Evelyn Mary Dunbar, "Winter Garden" (c. 1929-1937)
The scenes depicted in "We Field-Women" seem positively bucolic in comparison with the less-than-idyllic Welsh drama of the following poem by R. S. Thomas. Hardy is often (rightly and wrongly) accused of being a pessimist. But Thomas can make Hardy look like an innocent Pollyanna daydreaming of rural arcadias.
On the Farm
There was Dai Puw. He was no good.
They put him in the fields to dock swedes,
And took the knife from him, when he came home
At late evening with a grin
Like the slash of a knife on his face.
There was Llew Puw, and he was no good.
Every evening after the ploughing
With the big tractor he would sit in his chair,
And stare into the tangled fire garden,
Opening his slow lips like a snail.
There was Huw Puw, too. What shall I say?
I have heard him whistling in the hedges
On and on, as though winter
Would never again leave those fields,
And all the trees were deformed.
And lastly there was the girl:
Beauty under some spell of the beast.
Her pale face was the lantern
By which they read in life's dark book
The shrill sentence: God is love.
R. S. Thomas, The Bread of Truth (Rupert Hart-Davis 1963).
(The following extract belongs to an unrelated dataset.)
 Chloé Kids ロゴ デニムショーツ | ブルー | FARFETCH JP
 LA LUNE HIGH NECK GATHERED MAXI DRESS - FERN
Whew! Now, I believe that the caricature of R. S. Thomas as a curmudgeon is overdone. That being said, I suspect that some of his Welsh parishioners may have found him to be a less-than-outgoing and less-than-warm vicar. On the other hand, I also suspect that Thomas was truthful to what he saw. And we must not forget that his Wales is also marked by moments of transcendent beauty.